Since the people involved are unreal and the physiology of what is done to them impossible, it is not so difficult to conceive of their scenes as a Tom and Jerry cartoon with human body parts."


Christopher Lehmenn-Haupt, The New York Times, March 11, 1991


viscera indvolde

gore blod

demented vanvittig

relentless ubarmhjertig

leering lysten, sjofel


Comment 2:

"American Psycho vividly makes the case that society is responsible for creating the warped aspirations of people like Patrick Bateman. Bleak, funny and unsettling, this savagely clever satire forces us to confront issues we’d rather ignore. Even more relevant now than when published in 1991, American Psycho is essential reading."


Dan McNeil, 2004. http://www.laurahird.com/newreview/americanpsycho.html

warped forkvaklet



Comment 3:

"You ever seen a video nasty, all you sweet people who get upset because Bret Easton Ellis, in a novel of 399 pages devoted almost entirely to the obsessive consolations offered by a society, itself in the grip of a psychotic fit of sado-masochism, scattered throughout a novel delineating why the serial killer kills, actually describes the detail of the killings.
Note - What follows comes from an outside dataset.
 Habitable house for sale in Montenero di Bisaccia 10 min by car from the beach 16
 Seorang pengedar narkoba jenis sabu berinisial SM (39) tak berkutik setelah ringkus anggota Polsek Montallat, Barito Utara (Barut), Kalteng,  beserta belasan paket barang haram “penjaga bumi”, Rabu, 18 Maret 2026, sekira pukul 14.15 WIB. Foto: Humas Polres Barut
Why have you got so squeamish all of a sudden?

Of all the things you ought to censor, should have censored – because we now live in a world so terrible, so full of 'Abandon Hope' scrawled blood red on our city walls, someone has to start crying 'enough' – why pick on wretched, brilliant Bret Easton Ellis? Young BEE? I'll tell you why. It's because there's always been someone in the other books to play lip service to respectability: to the myth that the world we now live in is still capable of affect. The serial killer gets discovered, punished, stopped. There are people around to throw up their hands in horror, who can still distinguish between what is psychotic and what is not. Justice is done. There is remorse. Just not in American Psycho. And we hate him for saying it. In American Psycho not so. Nobody cares. Slaughtered bodies lie undiscovered. The city has fallen apart. Nobody takes much notice. The police have other things to do. Those who are killed don't rate – they are the powerless, the poor, the wretched, the sick in mind, the sellers of flesh for money: their own and other people's."


Fay Weldon, “An honest American psycho”, The Guardian, 1991


delineate skitsere

squeamish som let får kvalme

to pay lip service to hykle respekt for

to be capable of affect i stand til at blive påvirket

remorse anger


Wider contexts

4. Literary context: postmodern literature

There is little agreement on how to define postmodern literature accurately. However, certain common features are acknowledged: one is amoral and normless social behaviour, another one is the description of society as fragmented, chaotic, disconnected and accidental. It is therefore also natural that some of the characters in postmodern literature show narcissistic traits such as excessive self-centredness, an obsession with appearances and a focus on immediate pleasure.


Find elements in “Killing Child at Zoo” that make it a postmodern text.


Wider contexts

5. Reception: controversy

When American Psycho was published, it caused a lot of controversy. Some critics opposed it because of its portrayal of extreme violence and murder.


Watch the clip from YouTube and in pairs find at least two arguments for and two against introducing censorship. Divide the class into two parts; a pro-censorship and an anti-censorship part. Place six chairs in the middle with three chairs on each side. The debate begins and the students take turns participating. When you have contributed with an argument, you vacate the chair and another student takes over.